WHAT THE TASK ASKS. From the listing below, reproduce exactly the lines starting with the one with "Loop P2080 plafond, 8W" and going on through the one with "3 шт. 3 стильных", both ends kept. No picture is copied.

MATERIAL SUPPLIED.

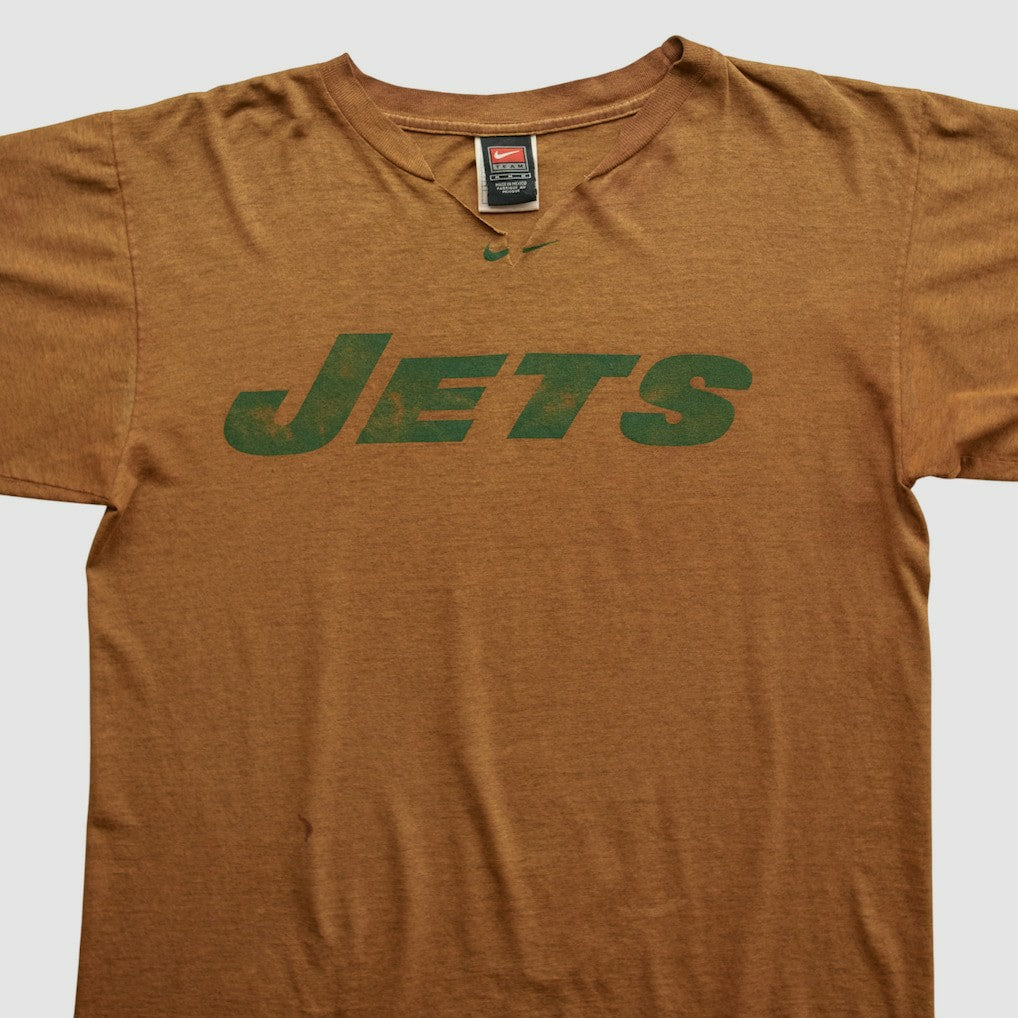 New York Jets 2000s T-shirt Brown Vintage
* * *
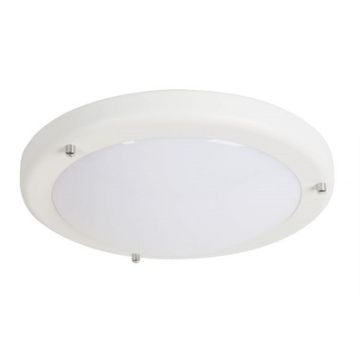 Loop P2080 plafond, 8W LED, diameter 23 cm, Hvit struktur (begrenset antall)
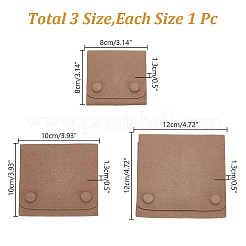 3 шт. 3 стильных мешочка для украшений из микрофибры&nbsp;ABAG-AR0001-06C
* * *
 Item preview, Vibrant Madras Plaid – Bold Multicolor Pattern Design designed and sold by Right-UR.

YOUR RESPONSE.
 Loop P2080 plafond, 8W LED, diameter 23 cm, Hvit struktur (begrenset antall)
 3 шт. 3 стильных мешочка для украшений из микрофибры&nbsp;ABAG-AR0001-06C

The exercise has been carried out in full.